**PROBLEM STATEMENT**
Write out the entries below exactly, starting at the first line and stopping after the line that contains "May include: A"; skip all pictures.

**PROVIDED RECORDS**
§ §

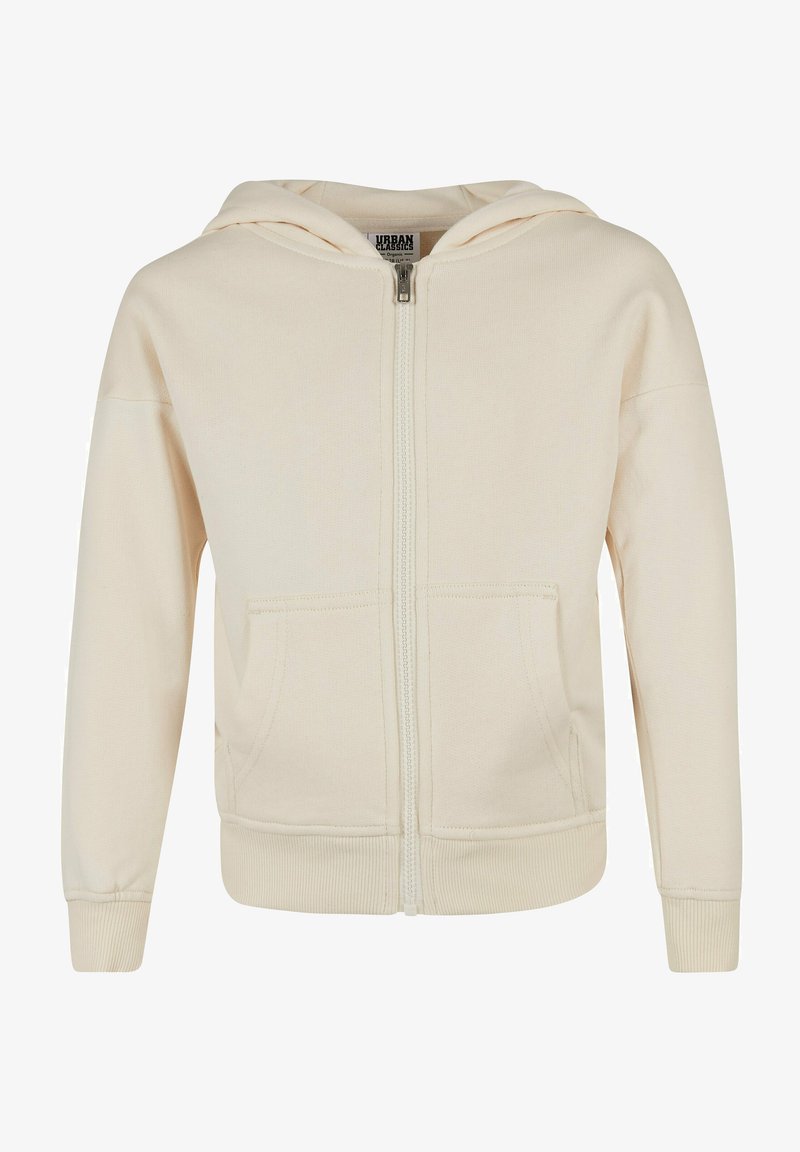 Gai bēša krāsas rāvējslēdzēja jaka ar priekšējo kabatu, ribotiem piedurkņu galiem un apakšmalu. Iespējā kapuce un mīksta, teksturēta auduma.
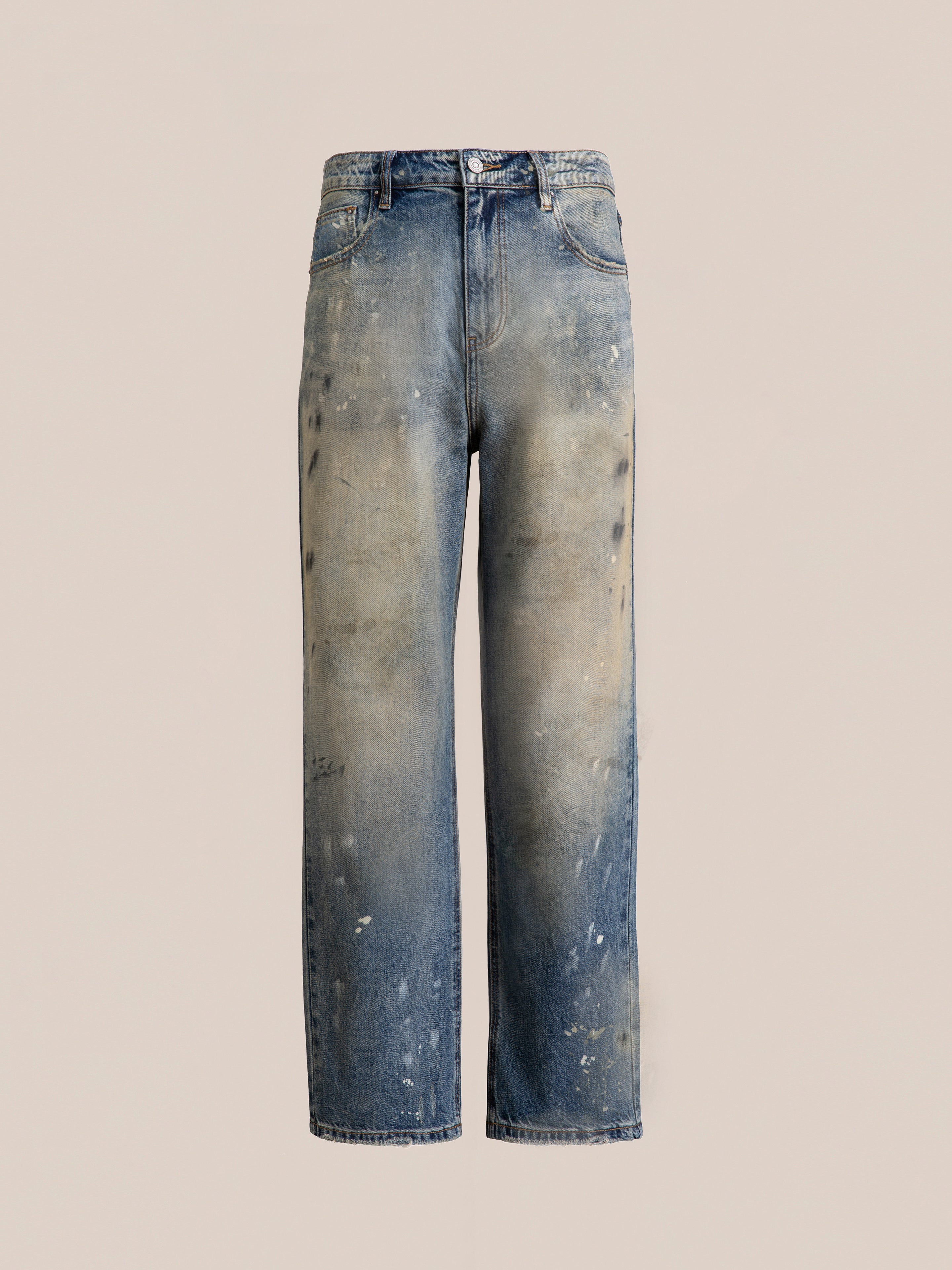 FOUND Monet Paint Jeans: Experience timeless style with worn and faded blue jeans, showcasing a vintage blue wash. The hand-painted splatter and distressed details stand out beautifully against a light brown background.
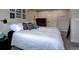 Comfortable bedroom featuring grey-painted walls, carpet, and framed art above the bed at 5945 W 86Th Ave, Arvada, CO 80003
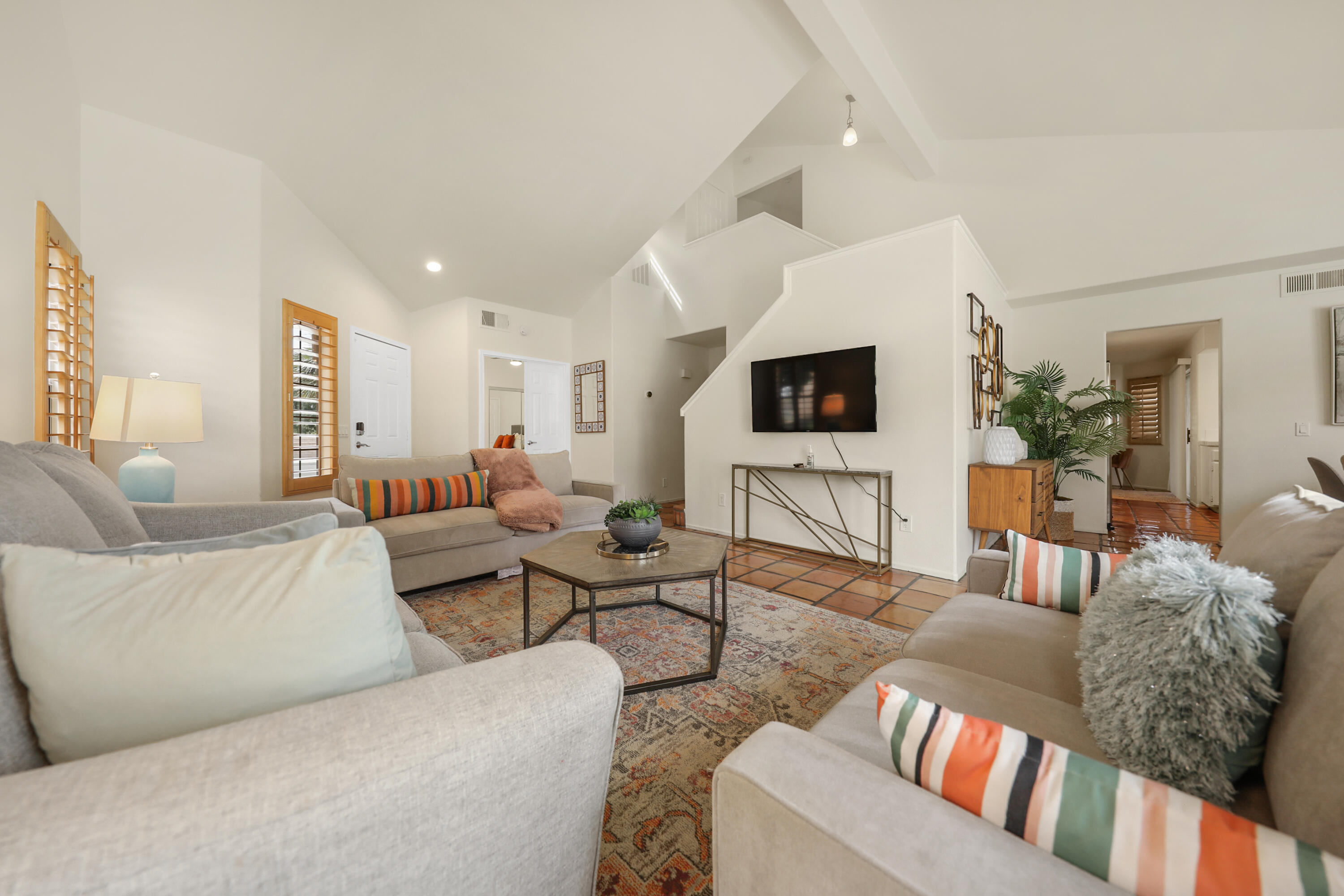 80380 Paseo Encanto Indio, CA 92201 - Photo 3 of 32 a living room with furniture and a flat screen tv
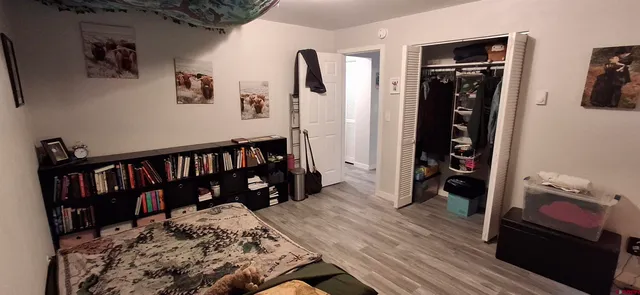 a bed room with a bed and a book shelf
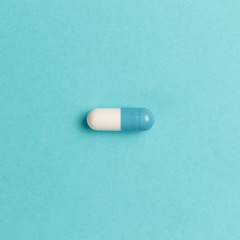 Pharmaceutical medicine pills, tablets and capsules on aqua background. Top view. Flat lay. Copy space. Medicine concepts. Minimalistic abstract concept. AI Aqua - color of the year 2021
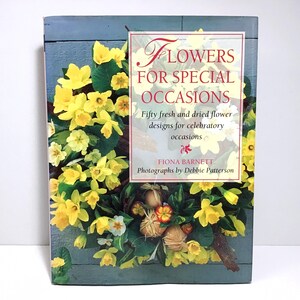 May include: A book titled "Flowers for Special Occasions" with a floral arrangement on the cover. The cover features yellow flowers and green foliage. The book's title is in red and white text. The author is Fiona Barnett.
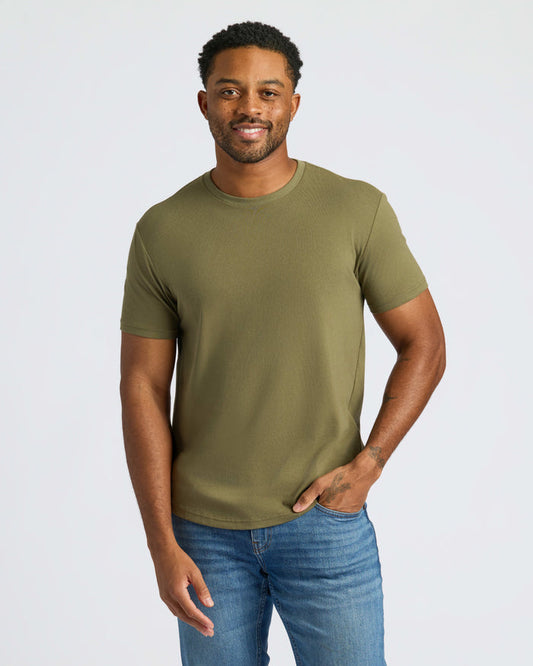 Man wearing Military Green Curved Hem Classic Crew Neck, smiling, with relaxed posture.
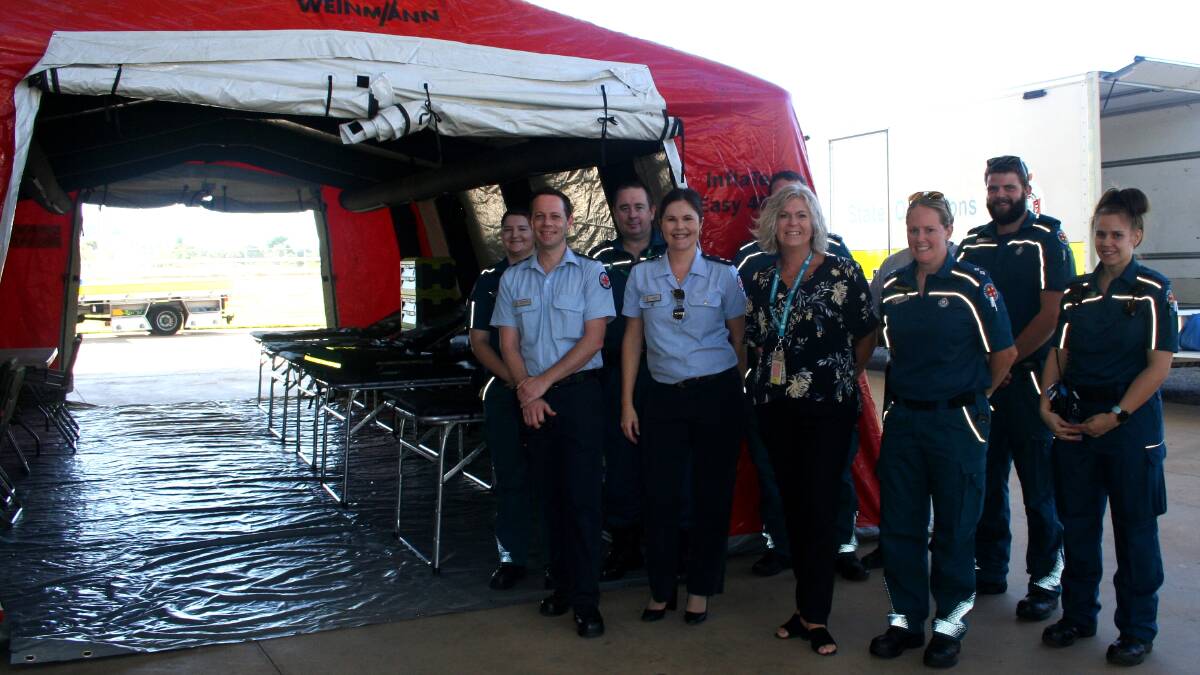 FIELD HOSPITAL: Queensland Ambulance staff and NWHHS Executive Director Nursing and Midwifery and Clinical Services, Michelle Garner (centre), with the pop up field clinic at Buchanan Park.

§ §

**ANSWER SECTION**
 Gai bēša krāsas rāvējslēdzēja jaka ar priekšējo kabatu, ribotiem piedurkņu galiem un apakšmalu. Iespējā kapuce un mīksta, teksturēta auduma.
 FOUND Monet Paint Jeans: Experience timeless style with worn and faded blue jeans, showcasing a vintage blue wash. The hand-painted splatter and distressed details stand out beautifully against a light brown background.
 Comfortable bedroom featuring grey-painted walls, carpet, and framed art above the bed at 5945 W 86Th Ave, Arvada, CO 80003
 80380 Paseo Encanto Indio, CA 92201 - Photo 3 of 32 a living room with furniture and a flat screen tv
 a bed room with a bed and a book shelf
 Pharmaceutical medicine pills, tablets and capsules on aqua background. Top view. Flat lay. Copy space. Medicine concepts. Minimalistic abstract concept. AI Aqua - color of the year 2021
 May include: A book titled "Flowers for Special Occasions" with a floral arrangement on the cover. The cover features yellow flowers and green foliage. The book's title is in red and white text. The author is Fiona Barnett.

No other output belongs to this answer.